- EXERCISE PROMPT
Without any images, write the data out exactly as it appears.

- DATA SECTION
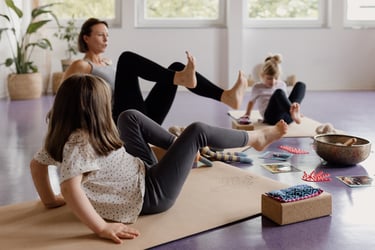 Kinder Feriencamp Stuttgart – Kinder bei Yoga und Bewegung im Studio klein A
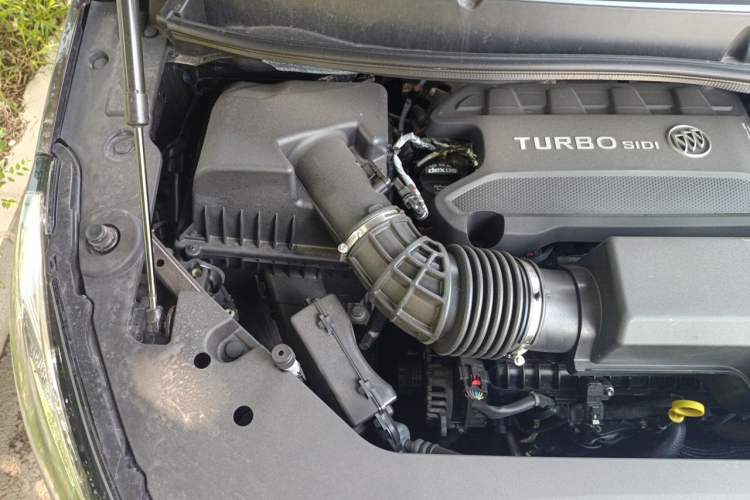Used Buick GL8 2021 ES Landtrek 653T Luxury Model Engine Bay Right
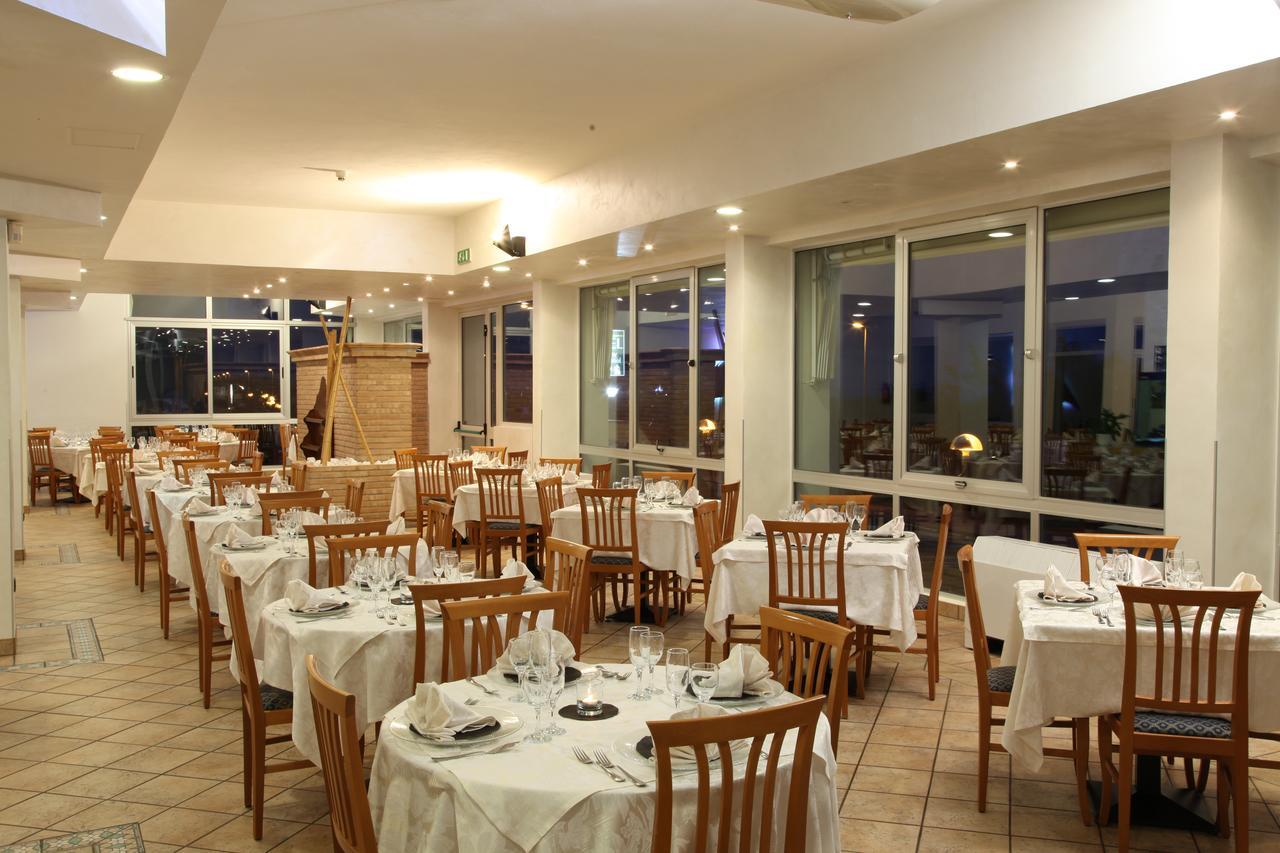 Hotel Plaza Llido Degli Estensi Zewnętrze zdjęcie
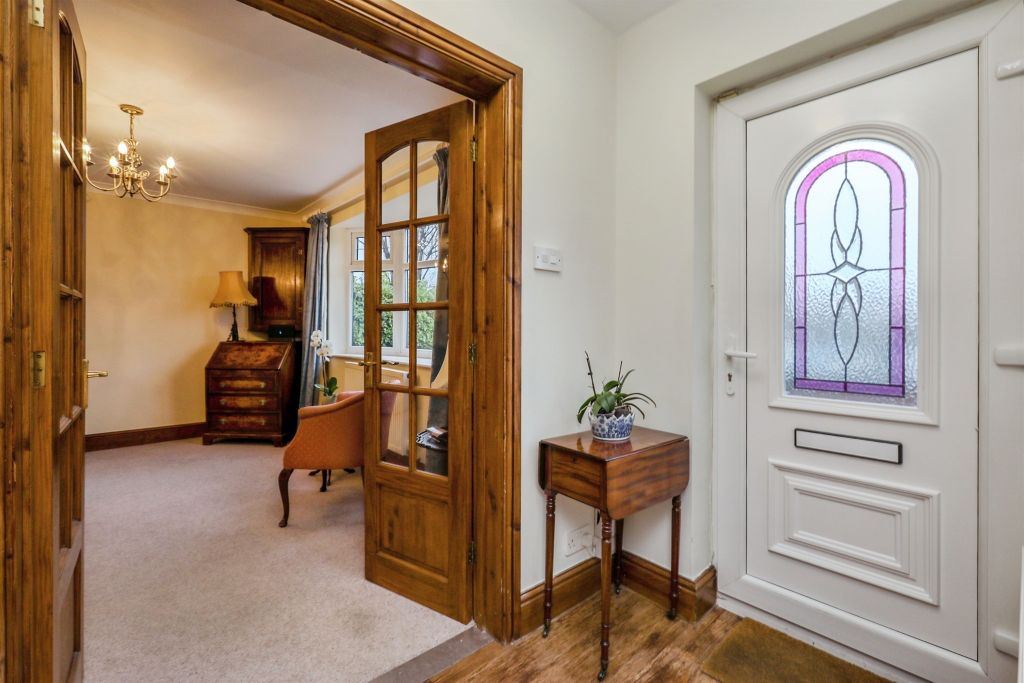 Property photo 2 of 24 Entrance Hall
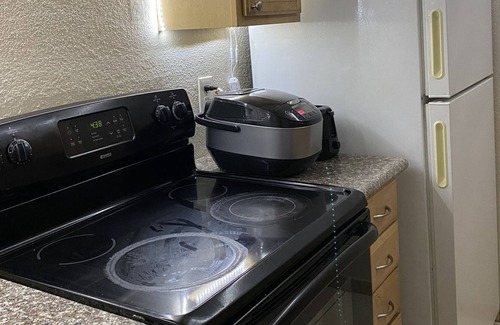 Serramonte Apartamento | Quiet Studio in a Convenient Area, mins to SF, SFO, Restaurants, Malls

- SOLUTION TO THIS TASK
 Kinder Feriencamp Stuttgart – Kinder bei Yoga und Bewegung im Studio klein A
Used Buick GL8 2021 ES Landtrek 653T Luxury Model Engine Bay Right
 Hotel Plaza Llido Degli Estensi Zewnętrze zdjęcie
 Property photo 2 of 24 Entrance Hall
 Serramonte Apartamento | Quiet Studio in a Convenient Area, mins to SF, SFO, Restaurants, Malls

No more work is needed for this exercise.